Chacun occupe moins de 5% de l’espace de classe. « Chaque module, quelle que soit sa disposition ou sa taille, est conçu pour être immédiatement accessible, garantissant la sécurité des occupants en quelques secondes », affirme le communiqué de presse. Le district scolaire de Quitman, dans l’Arkansas, a pris la décision d’installer ce dispositif de protection dans chaque classe en 2018. Les responsables déclarent que l’installation de ces modules a eu un impact très positif sur les parents et les enseignants et ont été « le catalyseur d’une augmentation des revenus et des inscriptions ».
Dennis Truxler, surintendant du district scolaire de Quitman, rapporte une augmentation de 20% des inscriptions. Et une augmentation des revenus est sûrement la bienvenue, sachant que l’installation de ces box de survie coûte en moyenne 7$ par mois et par enfant ! Mais selon Truxler, l’augmentation du nombre d’inscriptions aurait largement couvert cet investissement.

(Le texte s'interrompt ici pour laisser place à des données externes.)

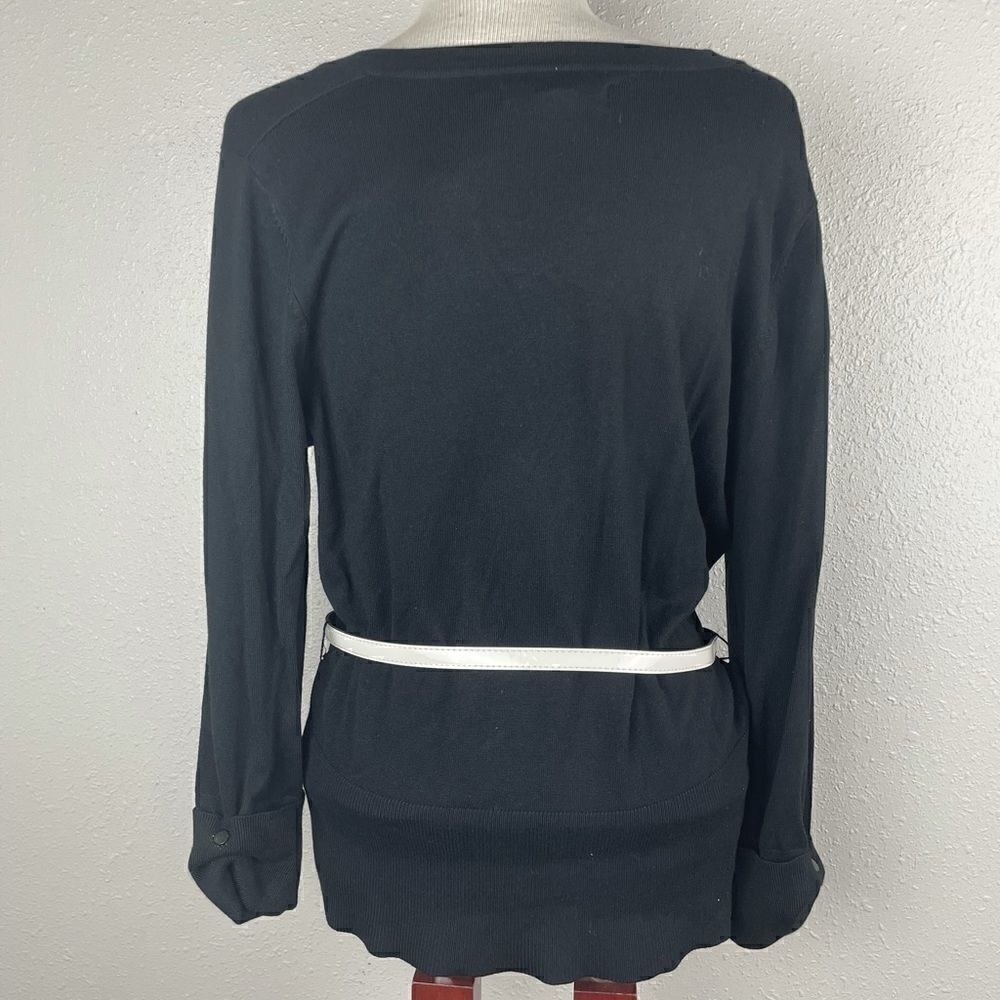 NWT Sharagano Black Cardigan Sweater and White Belt Size L - Picture 5 of 8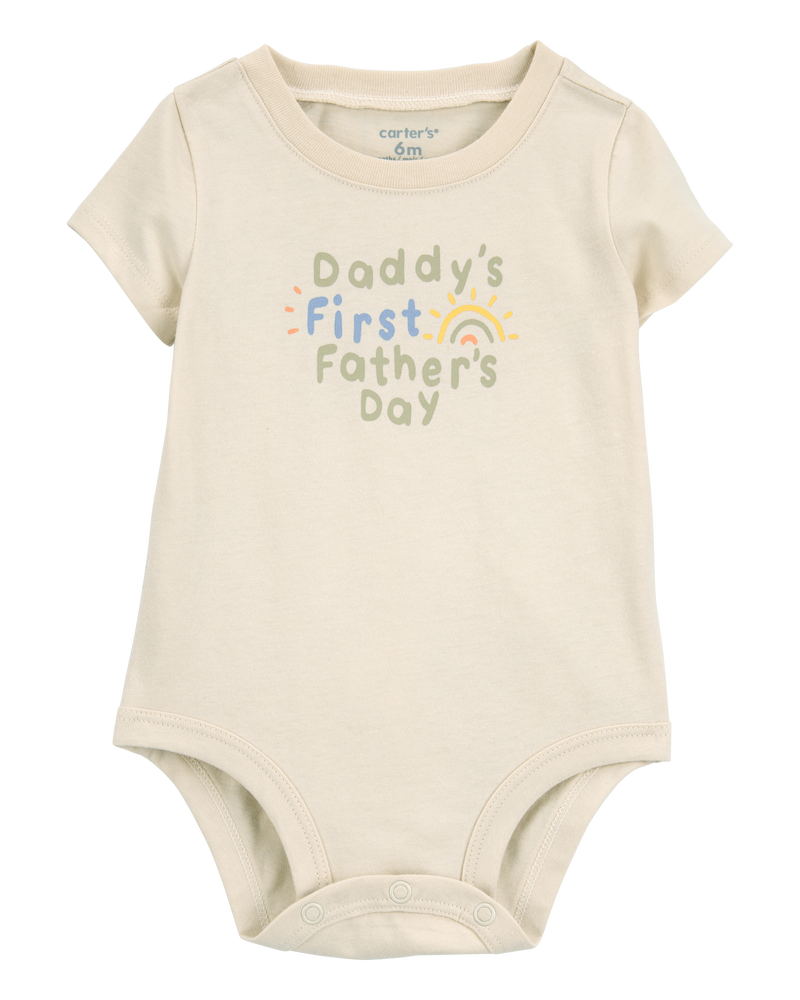 Baby 1st Father's Day Short-Sleeve Bodysuit - Ivory, image 1 of 3 slides
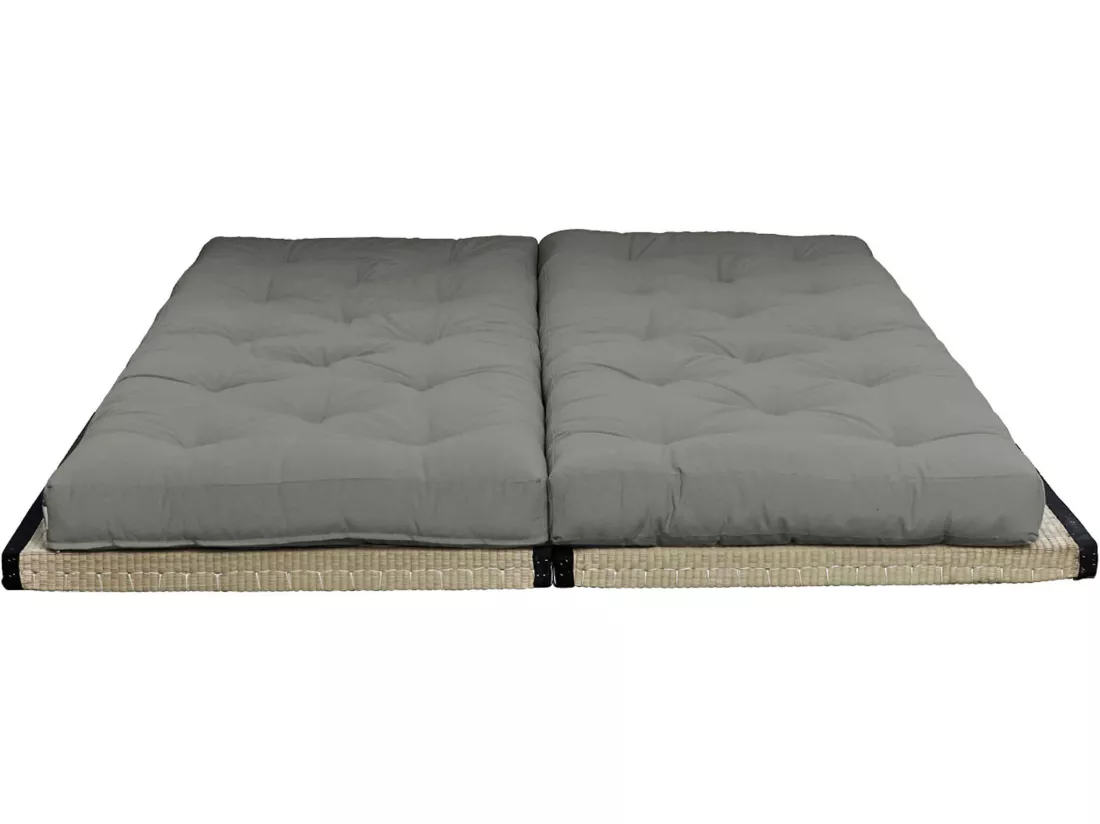 Futon canapé lit 3 places 2x70x200 CHICO gris
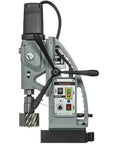 Heavy Duty Magnetic Drill Press Portable Steel Cutting Unit Rockin A Beastly 17.3 Amp Motor Chips Through Metal Like Butter With Up To Four Inch Annular Reach On An Oil Greased Four Speed Gearbox, close-up view.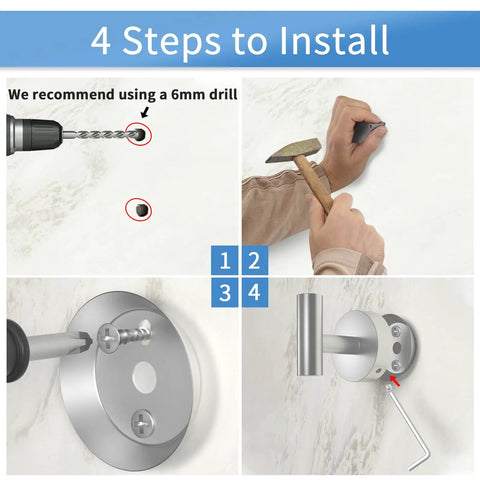 Heavy Duty Stainless Steel Towel Hooks 4 Pack Brushed Nickel Wall Mounted Robe Hangers installation steps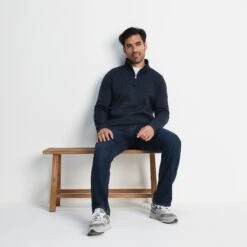 Pearson Mens Knitlook Quarter Zip Fleece - Dark Indigo Marl -Fashion General Store 61856 PEAR008 6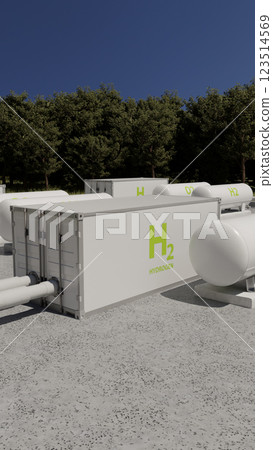 Green hydrogen production plant providing sustainable energy. 3d render 123514569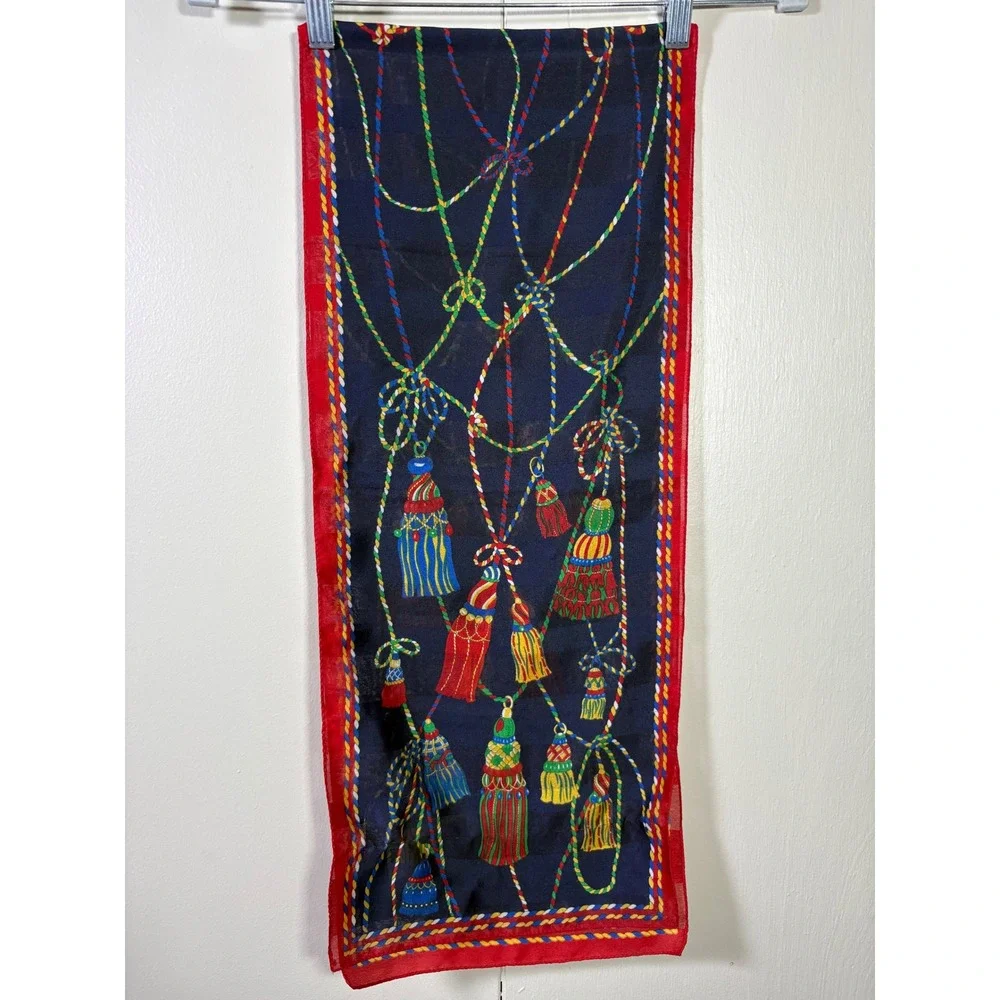 Vintage 80s Silk Tassel Rope Scarf Navy Blue Red Oblong Italy Equestrian 54x11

Une fois que le module est installé, il est prêt à l’emploi et n’entraîne aucun coût de maintenance.
En outre, ces « modules de sécurité » ont une double fonction : ils ont également été conçus pour résister aux forces destructrices des tornades de la catégorie la plus élevée. Un argument supplémentaire pour les districts scolaires situés dans l’un des États de la Tornado Alley (l’Oklahoma, le Kansas, l’Arkansas, etc.).
Des algorithmes qui « prédisent » les fusillades
D’autres « solutions » technologiques ont été suggérées pour protéger les élèves des fusillades. Bark Technologies, Gaggle.Net et Securly Inc., sont par exemple trois entreprises qui utilisent l’intelligence artificielle et l’apprentissage automatique pour prévoir les tueries. « Des études ont montré que, souvent, les enfants communiquent avant un acte de violence et qu’ils le font par voie électronique », a déclaré Bill McCullough, vice-président des ventes chez Gaggle.
Leurs algorithmes passent au crible les courriels, les SMS, les documents des étudiants et, dans certains cas, leur activité sur les réseaux sociaux — l’objectif étant de détecter des signes avant-coureurs de cyberintimidation, de mal-être, de dépression, etc. Lorsqu’un individu à risque est repéré, ses parents, les administrateurs scolaires, voire les forces de l’ordre, sont alertés. Selon Gaggle, ce système permet d’éviter chaque année des centaines de suicides. Bark Technologies aurait également signalé au FBI plusieurs fusillades plausibles depuis la mise en place de ses services.
Plus récemment, Axon Enterprise — la société à l’origine de la marque de pistolets paralysants Taser — a déclaré qu’elle prévoyait d’installer ses armes sur des drones et de les commercialiser comme système de défense auprès des écoles américaines. Selon un communiqué de l’entreprise, ces appareils seraient capables de neutraliser un tireur actif en moins de 60 secondes.
Le secteur des dispositifs de protection a nécessairement le vent en poupe dans un pays influencé par un lobby des armes tout-puissant. Fin juin, la Cour suprême des États-Unis a invalidé une loi de l’État de New York (en vigueur depuis 1913 !), qui limitait le port d’armes de poing en dehors de son domicile. Aujourd’hui, les 50 États américains autorisent le port dissimulé d’armes avec divers degrés de restriction : 13 d’entre eux autorisent leurs citoyens à porter une arme de poing dissimulée sans licence ni permis, tandis que dans 31 autres, une personne peut légalement porter une arme à feu ouvertement et facilement accessible, sur elle-même ou dans son véhicule, sans licence ni permis.